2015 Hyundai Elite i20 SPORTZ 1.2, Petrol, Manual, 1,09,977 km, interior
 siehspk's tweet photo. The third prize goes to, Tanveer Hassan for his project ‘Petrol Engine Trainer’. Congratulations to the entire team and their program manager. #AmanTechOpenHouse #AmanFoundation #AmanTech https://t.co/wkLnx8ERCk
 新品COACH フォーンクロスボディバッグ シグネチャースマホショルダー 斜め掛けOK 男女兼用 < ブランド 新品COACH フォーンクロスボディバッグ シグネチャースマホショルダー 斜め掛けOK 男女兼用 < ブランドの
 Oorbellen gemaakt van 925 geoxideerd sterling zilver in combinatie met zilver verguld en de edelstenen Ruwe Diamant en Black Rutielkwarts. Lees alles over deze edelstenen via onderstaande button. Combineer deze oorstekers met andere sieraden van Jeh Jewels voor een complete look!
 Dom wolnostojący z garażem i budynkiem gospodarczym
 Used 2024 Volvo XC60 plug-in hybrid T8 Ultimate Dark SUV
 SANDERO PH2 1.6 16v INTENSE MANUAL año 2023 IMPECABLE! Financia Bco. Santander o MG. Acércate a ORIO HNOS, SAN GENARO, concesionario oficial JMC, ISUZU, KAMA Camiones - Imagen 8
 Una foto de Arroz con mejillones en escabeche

**What you are asked to do**: Taking the records above line by line, count those that hold the word "Petrol"; the number is the entire answer.

**Reply to the task**: 2